# IMDB Film Data Scraper Function
## Web Scraping Development

## Objectives
* To apply web scraping development work into a film data scraper function

In [1]:
# Install packages, if necessary:
# pip install requests
# pip install beautifulsoup4

# Load libraries and URL:
import requests
import re
from bs4 import BeautifulSoup
import pandas as pd
import psycopg2
import getpass
import sqlalchemy as sa
# import numpy as np
# import seaborn as sns

## Summarizing Currency Conversion Function
The usd_conversion.py function is a utility to automatically convert reported financial values to USD for comparison.  This function is intended to support the IMDB_film_data.py function.

### UX Summary:
* When budget and box office data is scraped, the currency conversion function will automatically detect the reported currency and convert the values to USD
* Function returns the originally submitted financial value back in USD

### Assumptions:
* Financial value submitted has a three character currency prefix, e.g.

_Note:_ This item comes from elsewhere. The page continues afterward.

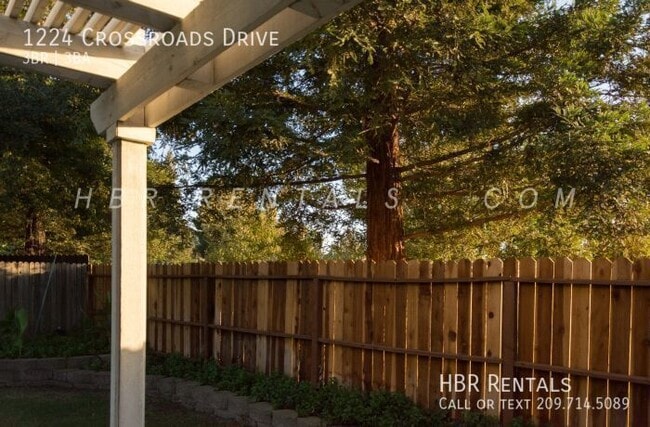 Building Photo - 1224 Crossroads Dr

EUR, which is used to determine which exchange rate to be used
* Exchange rate used is the latest exchange rate available, and does not take historical rates or inflation into account

### Acknowledgment:
This function relies on the foreign exchange rates API created by Madis Väin, (Ref. https://exchangeratesapi.io).

In [2]:
# Exchange rate function to convert budget and box office values to USD
# Function can be modified to convert to other available currencies

def perf_usd_conversion(native_value):
    # Call Exchange Rates API to look up latest USD exchange rates
    r_usd = 'https://api.exchangeratesapi.io/latest?base=USD'
    usd_response = requests.get(r_usd)
    rates = usd_response.json()
    
    # Parse reported value to determine currency used and remove currency code from string
    native_value = native_value.strip()
    if native_value[0] == '$':
        num_value = native_value.replace('$','')
        exchange_rate = 1
    else:
        currency = native_value[:3]
        exchange_rate = rates['rates'][currency]
        num_value = native_value[3:]
    num_value = num_value.replace(',','')
    if num_value.isnumeric() is True:
        usd_value = float(num_value) / exchange_rate
    else:
        usd_value = None
    return usd_value

## Summarizing Film Data Scraper
The IMDB_film_data.py function processes the input film href to scrape film, IMDB rating, budget, and box office data from its respective IMDB film page.

This function has hardcoded parameters to scrape the specific information required for this project.  Code comments have been provided to permit others to modify the scraper to fit different needs.

### Film href:
The function uses a film href as an input.  This is intentional, as the IMDB_filmo_scraper.py function scrapes filmography titles and the respective IMDB film href.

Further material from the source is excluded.